Exact copy, no pictures: repeat the data that follows.

→ GIVEN INFORMATION:
= Beginning of Section =

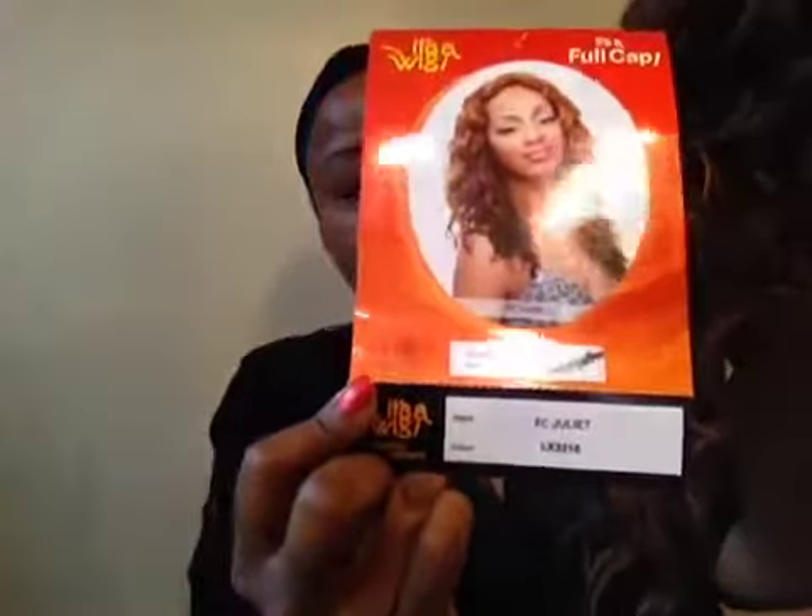The wig I'll be doing today is named Juliet FC — Juliet, that is her name. It is a full cap wig, not a front lace wig. It is heat friendly, iron friendly, 350 degrees to 450 degrees. Here are the instructions on the back, but I won't go into reading all of those.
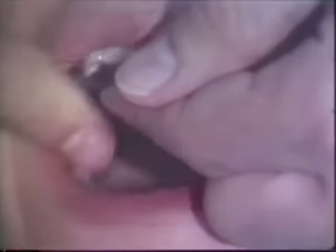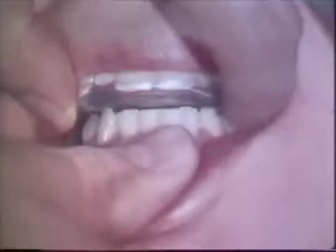Simultaneous contact of the teeth with the appliance must be achieved. Occlusal adjustment is begun by adding strips of 28-gauge green casting wax to the occlusal surface. The jaws are tapped together in centric relation.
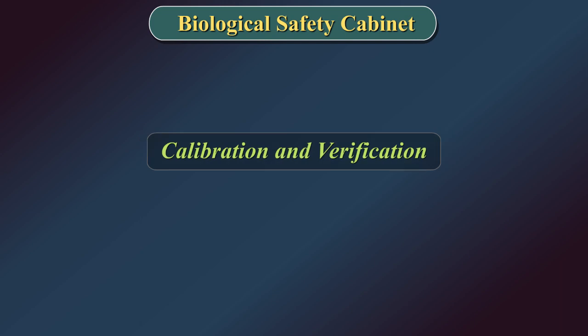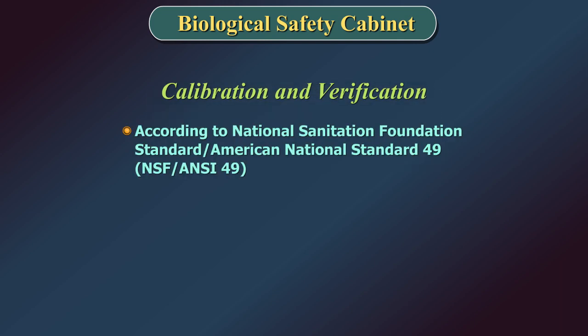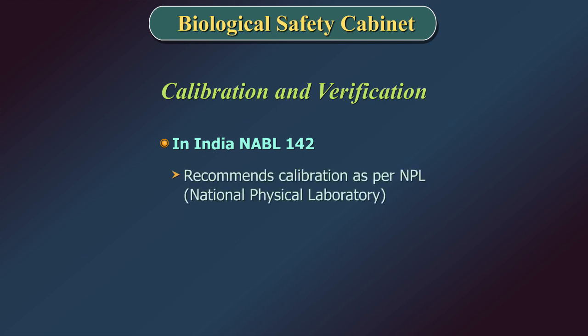Calibration and Verification: Biological safety cabinets must be certified at least annually according to the National Sanitation Foundation Standard and American National Standard 49, which is the accepted standard for the biological safety cabinet industry. In India, NABL 142 recommends calibration as per the National Physical Laboratory.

= End of Section =

→ OUTPUT:
The wig I'll be doing today is named Juliet FC — Juliet, that is her name. It is a full cap wig, not a front lace wig. It is heat friendly, iron friendly, 350 degrees to 450 degrees. Here are the instructions on the back, but I won't go into reading all of those.
Simultaneous contact of the teeth with the appliance must be achieved. Occlusal adjustment is begun by adding strips of 28-gauge green casting wax to the occlusal surface. The jaws are tapped together in centric relation.
Calibration and Verification: Biological safety cabinets must be certified at least annually according to the National Sanitation Foundation Standard and American National Standard 49, which is the accepted standard for the biological safety cabinet industry. In India, NABL 142 recommends calibration as per the National Physical Laboratory.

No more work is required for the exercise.